The benchmark that follows demonstrates the difference between executing 10 million function calls for a std::vector of the explicit lambda type versus a std::vector of a corresponding std::function. We will begin with the version using the explicit lambda:

auto use_lambda() { 
  using T = decltype(lambda);
  auto fs = std::vector<T>(10'000'000, lambda);
  auto res = 1;
  // Start clock
  for (const auto& f: fs)
    res = f(res);
  // Stop clock here
  return res;
}

We only measure the time it takes to execute the loop inside the function. The next version wraps our lambda in a std::function, and looks like this:

auto use_std_function() { 
  using T = std::function<int(int)>;
  auto fs = std::vector<T>(10'000'000, T{lambda});
  auto res = 1;
  // Start clock
  for (const auto& f: fs)
    res = f(res);
  // Stop clock here
  return res;
}

I'm compiling this code on my MacBook Pro from 2018 using Clang with optimizations turned on (-O3). The first version, use_lambda(), executes the loop at roughly 2 ms, whereas the second version, use_std_function(), takes almost 36 ms to execute the loop.

Generic lambdas

A generic lambda is a lambda accepting auto parameters, making it possible to invoke it with any type. It works just like a regular lambda, but the operator() has been defined as a member function template.
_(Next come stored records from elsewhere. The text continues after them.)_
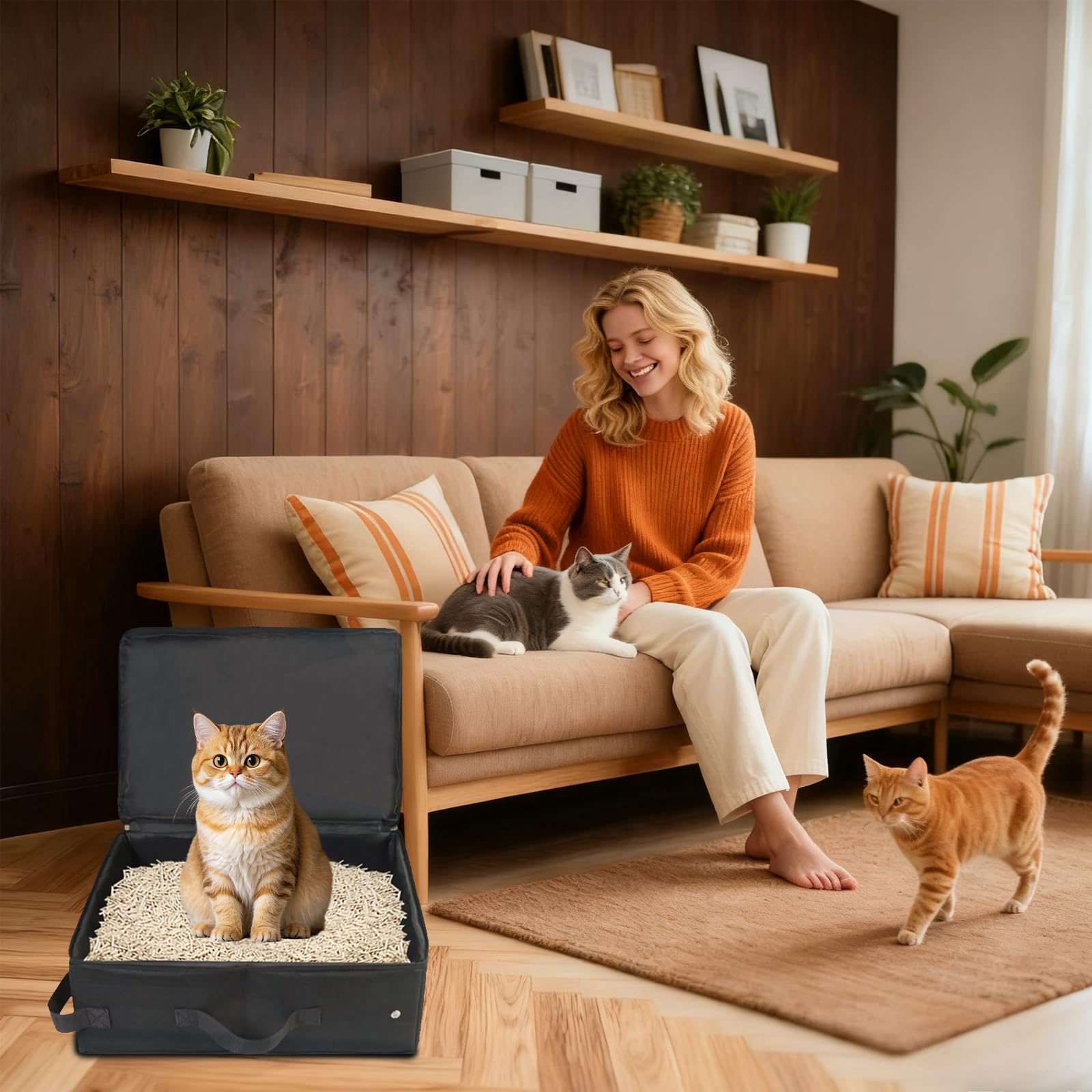 Kuweta podróżna dla kota, 40 x 30 cm przenośna kuweta dla kota, składana i przenośna torba z tkaniny Oxford na kemping, do użytku w domu i na zewnątrz (czarny)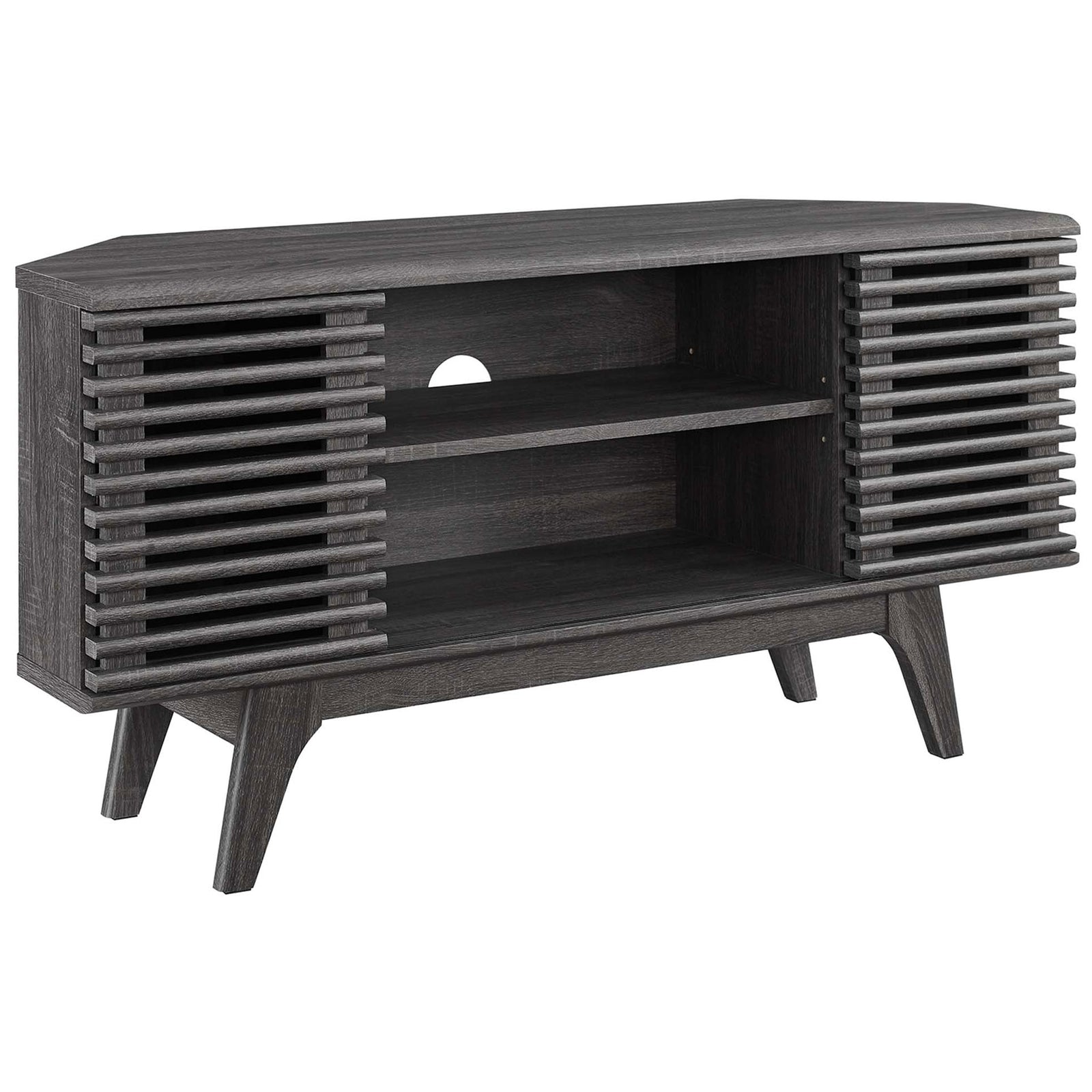 Charcoal corner TV stand with slatted sliding doors, open shelves, and tapered wood legs || EEI-6157-CHA || front_angle_studio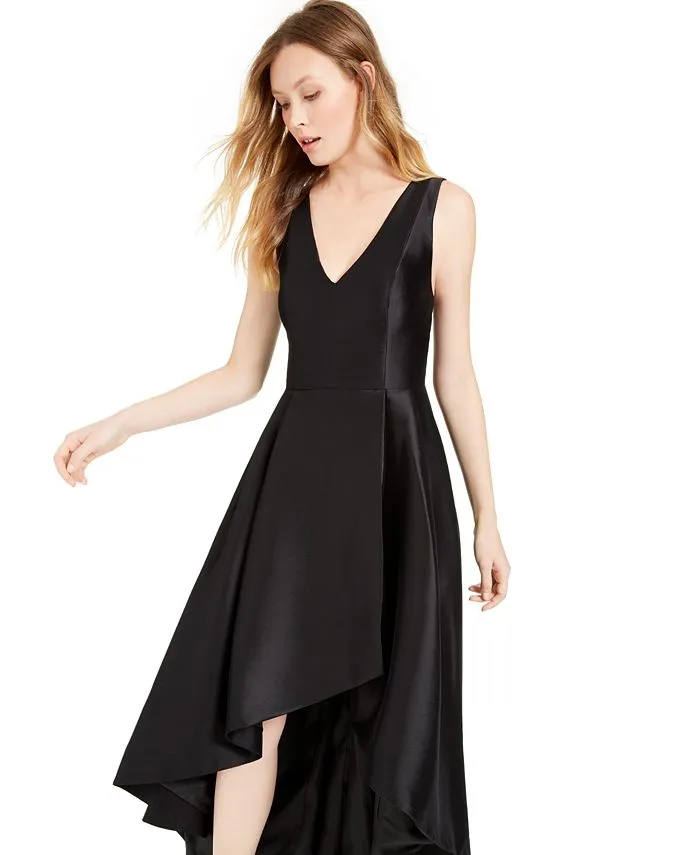 Calvin Klein High Low A-Line Dress, Black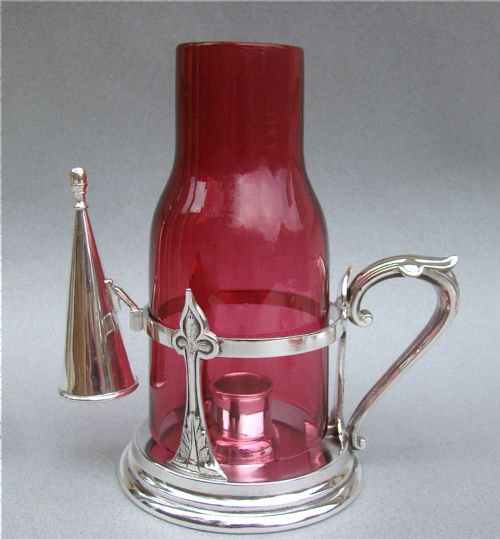 Victorian Silver Plated Hurricane Candle Holder by James Dixon & Sons, Circa 1870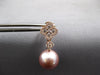 .77CT DIAMOND & AAA PINK SOUTH SEA PEARL 18KT ROSE GOLD FLOWER HANGING EARRINGS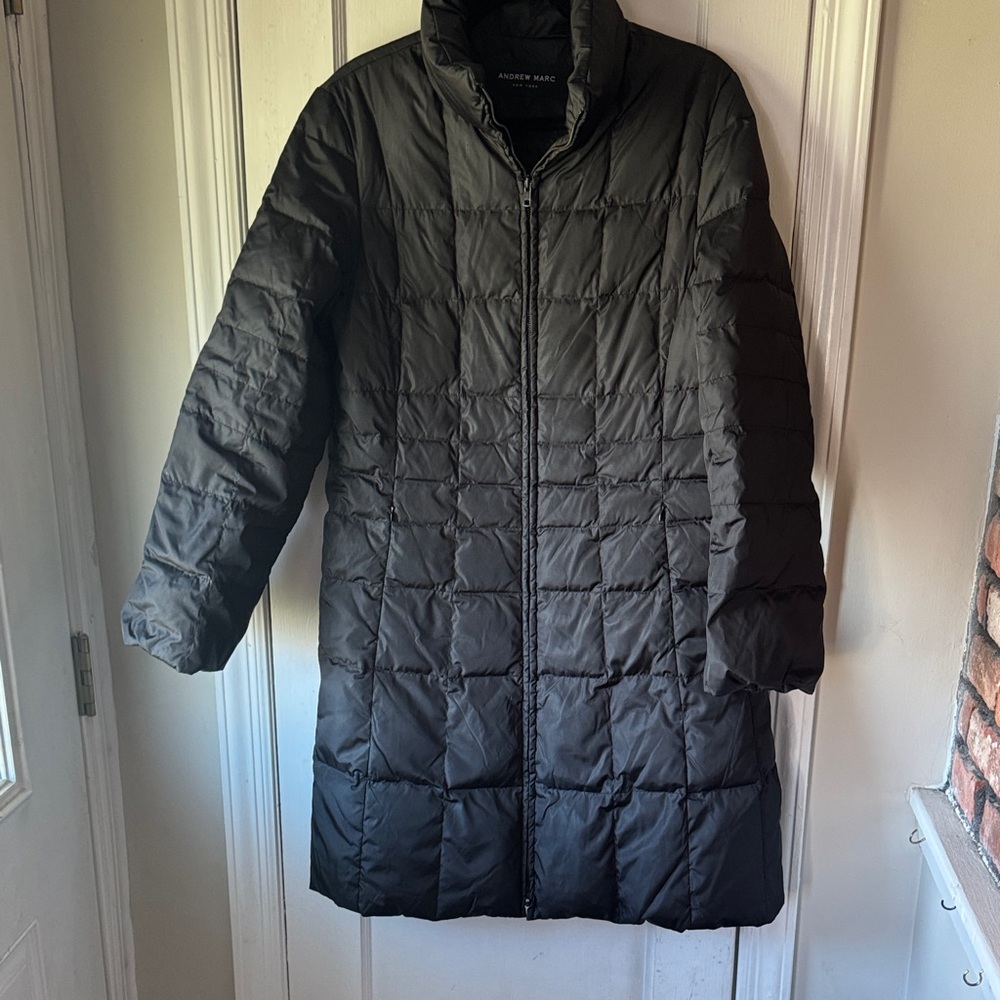 Andrew Marc Black Quilted Coat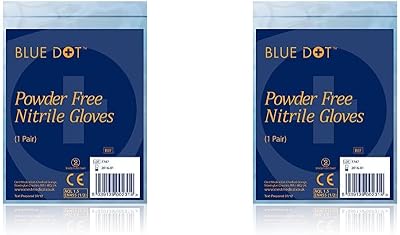 Blue Dot Nitrile Powder Free Gloves Medium Non-Sterile 2 Pack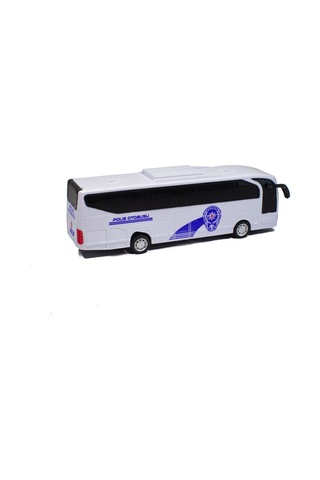 Oyuncak Otobüs Polis Otobüsü Sürtmeli Beyaz 22 Cm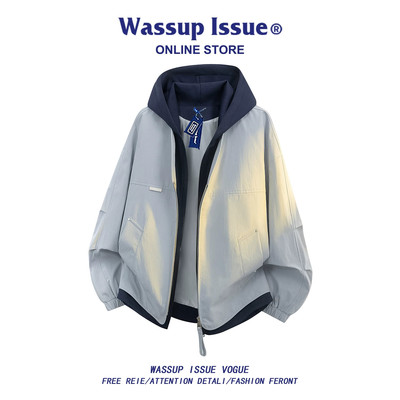 WASSUP ISSUE美式复古假两件连帽大码夹克男款春秋新款冲锋外套男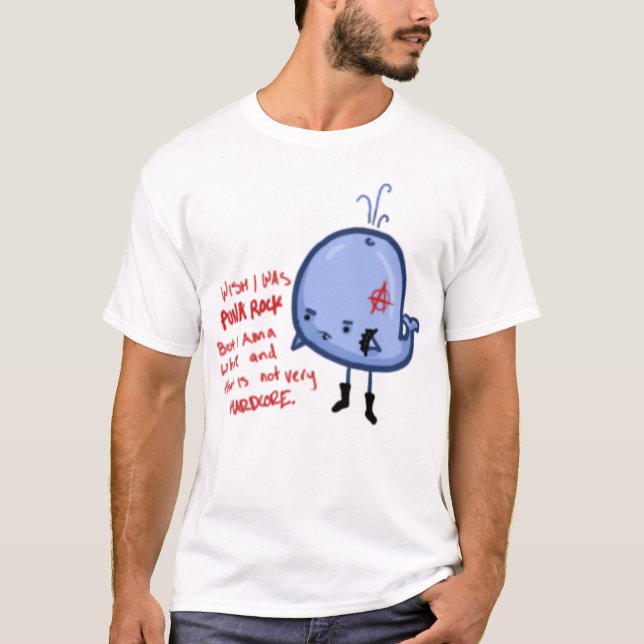Roliga Punk vit man för stenWannabeval tshirt Tee (Framsida)
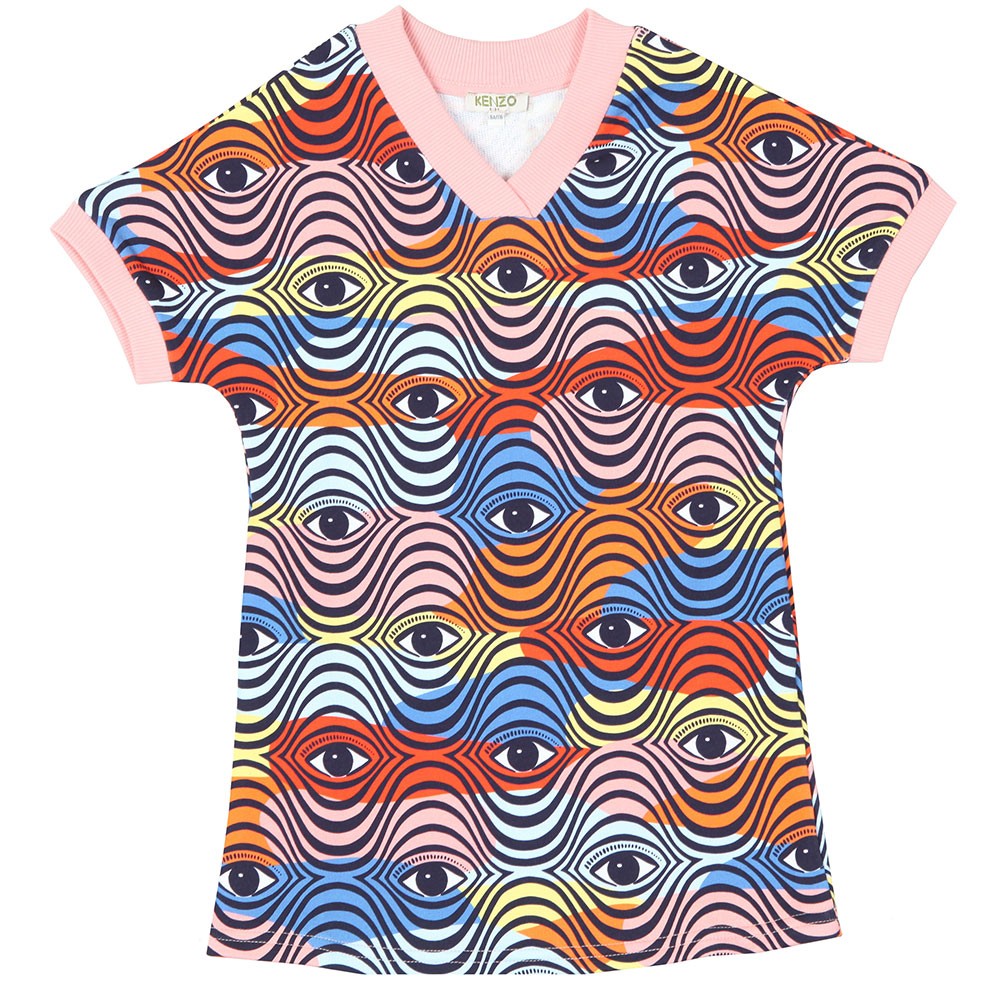 V Neck Wax Kenzo Sweatshirt Dress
Only the parameters are template variables, not the captured values. In other words, the captured value, v, in the following example will be of type int regardless of the types of v0 and v1:

auto v = 3; // int
auto lambda = [v](auto v0, auto v1) {
  return v + v0*v1;
};

If we translate the above lambda to a class, it would correspond to something like this:

class Lambda {
public:
  Lambda(int v) : v_{v} {}
  template <typename T0, typename T1>
  auto operator()(T0 v0, T1 v1) const { 
    return v_ + v0*v1; 
  }
private:
  int v_{};
};
auto v = 3;
auto lambda = Lambda{v};

Just like the templated version, the compiler won't generate the actual function until the lambda is invoked. So, if we invoke the previous lambda like this:

auto res_int = lambda(1, 2);
auto res_float = lambda(1.0f, 2.0f);

the compiler will generate something similar to the following lambdas:

auto lambda_int = [v](int v0, const int v1) { return v + v0*v1; };
auto lambda_float = [v](float v0, float v1) { return v + v0*v1; };
auto res_int = lambda_int(1, 2);
auto res_float = lambda_float(1.0f, 2.0f);

As you might have figured out, these versions are further handled just like regular lambdas.

A new feature of C++20 is that we can use typename instead of just auto for the parameter types of a generic lambda. The following generic lambdas are identical:

// Using auto
auto x = [](auto v) { return v + 1; };
// Using typename
auto y = []<typename Val>(Val v) { return v + 1; };

This makes it possible to name the type or refer to the type inside the body of the lambda.